**EXERCISE DETAILS:** Find the line with "0 St Rt 139, Madison" in the entries below. Repeat it, every following line, and the line with "1400_Phal_tetraspis1.jpg", exactly and with nothing added.

START DATA RECORDS

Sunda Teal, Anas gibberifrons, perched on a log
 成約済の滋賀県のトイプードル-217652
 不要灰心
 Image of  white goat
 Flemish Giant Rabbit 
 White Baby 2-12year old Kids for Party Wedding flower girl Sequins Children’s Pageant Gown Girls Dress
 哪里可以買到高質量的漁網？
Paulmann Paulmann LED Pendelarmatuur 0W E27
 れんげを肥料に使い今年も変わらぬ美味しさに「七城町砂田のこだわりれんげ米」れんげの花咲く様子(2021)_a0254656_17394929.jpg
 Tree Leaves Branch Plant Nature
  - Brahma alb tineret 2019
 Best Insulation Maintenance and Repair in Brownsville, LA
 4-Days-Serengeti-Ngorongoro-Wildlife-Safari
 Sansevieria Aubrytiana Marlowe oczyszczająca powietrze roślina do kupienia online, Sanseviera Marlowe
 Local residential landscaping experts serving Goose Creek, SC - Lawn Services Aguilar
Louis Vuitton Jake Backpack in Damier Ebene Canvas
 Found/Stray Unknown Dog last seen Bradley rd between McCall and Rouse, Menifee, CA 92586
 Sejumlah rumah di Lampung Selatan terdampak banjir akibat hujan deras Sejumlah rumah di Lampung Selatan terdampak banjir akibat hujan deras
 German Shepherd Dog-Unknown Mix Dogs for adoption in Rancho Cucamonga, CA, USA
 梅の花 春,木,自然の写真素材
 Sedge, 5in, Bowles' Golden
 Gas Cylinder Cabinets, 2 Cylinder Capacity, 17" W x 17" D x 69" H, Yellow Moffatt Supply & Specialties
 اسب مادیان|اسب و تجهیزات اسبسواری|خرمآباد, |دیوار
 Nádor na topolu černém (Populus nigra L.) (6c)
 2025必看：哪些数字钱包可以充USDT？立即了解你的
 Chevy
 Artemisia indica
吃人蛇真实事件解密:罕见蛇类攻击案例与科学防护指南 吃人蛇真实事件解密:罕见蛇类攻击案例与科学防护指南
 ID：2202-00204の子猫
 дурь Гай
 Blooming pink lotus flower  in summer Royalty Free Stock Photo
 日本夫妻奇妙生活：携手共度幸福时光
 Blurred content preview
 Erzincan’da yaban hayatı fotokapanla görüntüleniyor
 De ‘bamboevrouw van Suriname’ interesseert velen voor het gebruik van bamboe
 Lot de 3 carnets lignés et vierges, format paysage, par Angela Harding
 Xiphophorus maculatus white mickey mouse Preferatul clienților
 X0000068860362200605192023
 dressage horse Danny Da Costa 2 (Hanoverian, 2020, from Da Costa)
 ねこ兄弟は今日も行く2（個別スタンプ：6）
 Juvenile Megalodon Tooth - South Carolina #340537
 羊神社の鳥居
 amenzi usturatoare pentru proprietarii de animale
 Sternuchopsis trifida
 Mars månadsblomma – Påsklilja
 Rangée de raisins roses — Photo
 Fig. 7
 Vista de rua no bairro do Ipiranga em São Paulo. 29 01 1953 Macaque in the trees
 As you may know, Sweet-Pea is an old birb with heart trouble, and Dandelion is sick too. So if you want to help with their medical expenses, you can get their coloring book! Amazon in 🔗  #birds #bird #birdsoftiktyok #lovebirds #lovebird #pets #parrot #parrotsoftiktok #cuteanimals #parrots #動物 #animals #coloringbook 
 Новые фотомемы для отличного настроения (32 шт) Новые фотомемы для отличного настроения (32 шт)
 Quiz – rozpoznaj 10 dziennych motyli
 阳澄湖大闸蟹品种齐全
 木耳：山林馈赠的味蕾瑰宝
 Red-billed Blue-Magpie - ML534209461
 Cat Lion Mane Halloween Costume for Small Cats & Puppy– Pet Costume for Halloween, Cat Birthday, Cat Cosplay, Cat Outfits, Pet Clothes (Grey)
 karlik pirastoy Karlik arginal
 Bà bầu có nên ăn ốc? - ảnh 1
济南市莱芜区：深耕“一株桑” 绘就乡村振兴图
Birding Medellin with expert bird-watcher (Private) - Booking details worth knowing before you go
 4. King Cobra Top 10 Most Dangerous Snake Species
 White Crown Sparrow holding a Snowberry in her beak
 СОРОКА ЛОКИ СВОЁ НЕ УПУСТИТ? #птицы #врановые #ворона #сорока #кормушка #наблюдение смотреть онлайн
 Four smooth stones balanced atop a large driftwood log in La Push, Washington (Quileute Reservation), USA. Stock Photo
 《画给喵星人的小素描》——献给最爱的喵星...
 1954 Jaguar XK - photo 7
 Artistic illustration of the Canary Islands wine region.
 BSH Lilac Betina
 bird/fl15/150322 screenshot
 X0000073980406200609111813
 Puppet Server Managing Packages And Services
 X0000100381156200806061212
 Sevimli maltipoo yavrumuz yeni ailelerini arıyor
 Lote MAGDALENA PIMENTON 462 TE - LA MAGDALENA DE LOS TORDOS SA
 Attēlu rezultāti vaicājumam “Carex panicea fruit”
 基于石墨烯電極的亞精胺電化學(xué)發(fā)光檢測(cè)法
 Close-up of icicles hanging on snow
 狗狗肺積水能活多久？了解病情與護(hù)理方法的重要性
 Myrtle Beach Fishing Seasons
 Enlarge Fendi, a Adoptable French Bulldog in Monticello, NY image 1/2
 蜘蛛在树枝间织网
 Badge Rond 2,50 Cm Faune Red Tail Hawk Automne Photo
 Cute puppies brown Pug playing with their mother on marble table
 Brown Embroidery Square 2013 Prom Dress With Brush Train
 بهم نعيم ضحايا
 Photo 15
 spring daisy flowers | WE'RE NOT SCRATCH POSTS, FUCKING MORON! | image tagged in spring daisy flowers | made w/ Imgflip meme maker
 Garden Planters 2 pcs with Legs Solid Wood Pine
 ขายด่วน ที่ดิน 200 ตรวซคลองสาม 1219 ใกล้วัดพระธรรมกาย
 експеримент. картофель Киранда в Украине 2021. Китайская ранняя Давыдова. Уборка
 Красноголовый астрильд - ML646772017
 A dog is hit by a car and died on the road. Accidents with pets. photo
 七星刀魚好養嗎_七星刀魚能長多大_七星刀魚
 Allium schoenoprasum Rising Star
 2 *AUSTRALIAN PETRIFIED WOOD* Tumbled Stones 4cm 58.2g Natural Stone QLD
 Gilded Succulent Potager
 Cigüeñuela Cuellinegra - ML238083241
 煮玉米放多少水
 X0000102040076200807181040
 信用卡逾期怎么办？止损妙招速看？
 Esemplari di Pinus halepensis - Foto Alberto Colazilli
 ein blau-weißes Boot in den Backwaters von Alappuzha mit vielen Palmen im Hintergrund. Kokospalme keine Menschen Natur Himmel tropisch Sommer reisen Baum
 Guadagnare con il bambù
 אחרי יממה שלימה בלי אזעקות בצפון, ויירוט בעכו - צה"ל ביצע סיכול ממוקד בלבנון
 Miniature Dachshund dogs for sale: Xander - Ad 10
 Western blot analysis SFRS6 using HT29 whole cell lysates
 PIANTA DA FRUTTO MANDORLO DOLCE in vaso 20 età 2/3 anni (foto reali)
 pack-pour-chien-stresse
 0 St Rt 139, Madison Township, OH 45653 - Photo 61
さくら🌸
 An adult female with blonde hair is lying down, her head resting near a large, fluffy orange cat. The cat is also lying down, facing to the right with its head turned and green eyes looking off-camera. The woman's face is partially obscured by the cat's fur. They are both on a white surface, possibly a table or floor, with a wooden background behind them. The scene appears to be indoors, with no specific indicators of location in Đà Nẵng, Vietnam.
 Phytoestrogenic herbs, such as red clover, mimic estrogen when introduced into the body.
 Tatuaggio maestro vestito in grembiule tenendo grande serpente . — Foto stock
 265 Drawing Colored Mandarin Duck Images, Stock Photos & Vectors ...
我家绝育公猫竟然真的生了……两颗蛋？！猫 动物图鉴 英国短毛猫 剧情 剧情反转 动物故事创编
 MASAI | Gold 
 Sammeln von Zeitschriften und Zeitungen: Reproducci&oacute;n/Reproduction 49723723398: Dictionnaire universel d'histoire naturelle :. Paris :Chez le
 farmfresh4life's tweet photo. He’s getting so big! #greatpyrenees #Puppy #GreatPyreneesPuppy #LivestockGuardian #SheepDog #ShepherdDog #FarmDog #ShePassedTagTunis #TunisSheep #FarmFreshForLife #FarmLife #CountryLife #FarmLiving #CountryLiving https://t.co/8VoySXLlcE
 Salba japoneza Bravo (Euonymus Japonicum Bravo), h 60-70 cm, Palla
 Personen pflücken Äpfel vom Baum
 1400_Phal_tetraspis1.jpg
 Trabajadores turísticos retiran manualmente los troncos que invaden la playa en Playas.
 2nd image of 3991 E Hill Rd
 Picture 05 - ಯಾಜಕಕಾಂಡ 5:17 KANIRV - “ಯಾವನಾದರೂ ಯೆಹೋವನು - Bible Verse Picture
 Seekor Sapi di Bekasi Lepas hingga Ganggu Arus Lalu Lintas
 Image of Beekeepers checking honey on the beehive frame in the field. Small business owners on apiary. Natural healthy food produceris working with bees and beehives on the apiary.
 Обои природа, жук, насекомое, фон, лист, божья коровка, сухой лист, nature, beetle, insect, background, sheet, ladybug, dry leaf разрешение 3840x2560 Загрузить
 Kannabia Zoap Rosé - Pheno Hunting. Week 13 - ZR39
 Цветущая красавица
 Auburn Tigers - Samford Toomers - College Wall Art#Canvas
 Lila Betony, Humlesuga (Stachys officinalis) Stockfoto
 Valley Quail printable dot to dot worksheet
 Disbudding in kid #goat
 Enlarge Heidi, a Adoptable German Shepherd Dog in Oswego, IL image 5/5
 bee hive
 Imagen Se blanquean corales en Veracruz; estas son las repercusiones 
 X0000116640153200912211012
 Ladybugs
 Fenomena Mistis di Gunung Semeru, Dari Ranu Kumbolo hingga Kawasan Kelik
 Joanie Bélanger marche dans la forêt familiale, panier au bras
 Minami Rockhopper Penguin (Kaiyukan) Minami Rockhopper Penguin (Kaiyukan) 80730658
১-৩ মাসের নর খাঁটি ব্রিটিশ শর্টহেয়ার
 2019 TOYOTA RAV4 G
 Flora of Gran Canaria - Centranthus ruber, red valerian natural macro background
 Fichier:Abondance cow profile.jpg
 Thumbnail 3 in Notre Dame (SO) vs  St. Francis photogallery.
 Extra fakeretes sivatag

END DATA RECORDS

**REPLY:**
 0 St Rt 139, Madison Township, OH 45653 - Photo 61
さくら🌸
 An adult female with blonde hair is lying down, her head resting near a large, fluffy orange cat. The cat is also lying down, facing to the right with its head turned and green eyes looking off-camera. The woman's face is partially obscured by the cat's fur. They are both on a white surface, possibly a table or floor, with a wooden background behind them. The scene appears to be indoors, with no specific indicators of location in Đà Nẵng, Vietnam.
 Phytoestrogenic herbs, such as red clover, mimic estrogen when introduced into the body.
 Tatuaggio maestro vestito in grembiule tenendo grande serpente . — Foto stock
 265 Drawing Colored Mandarin Duck Images, Stock Photos & Vectors ...
我家绝育公猫竟然真的生了……两颗蛋？！猫 动物图鉴 英国短毛猫 剧情 剧情反转 动物故事创编
 MASAI | Gold 
 Sammeln von Zeitschriften und Zeitungen: Reproducci&oacute;n/Reproduction 49723723398: Dictionnaire universel d'histoire naturelle :. Paris :Chez le
 farmfresh4life's tweet photo. He’s getting so big! #greatpyrenees #Puppy #GreatPyreneesPuppy #LivestockGuardian #SheepDog #ShepherdDog #FarmDog #ShePassedTagTunis #TunisSheep #FarmFreshForLife #FarmLife #CountryLife #FarmLiving #CountryLiving https://t.co/8VoySXLlcE
 Salba japoneza Bravo (Euonymus Japonicum Bravo), h 60-70 cm, Palla
 Personen pflücken Äpfel vom Baum
 1400_Phal_tetraspis1.jpg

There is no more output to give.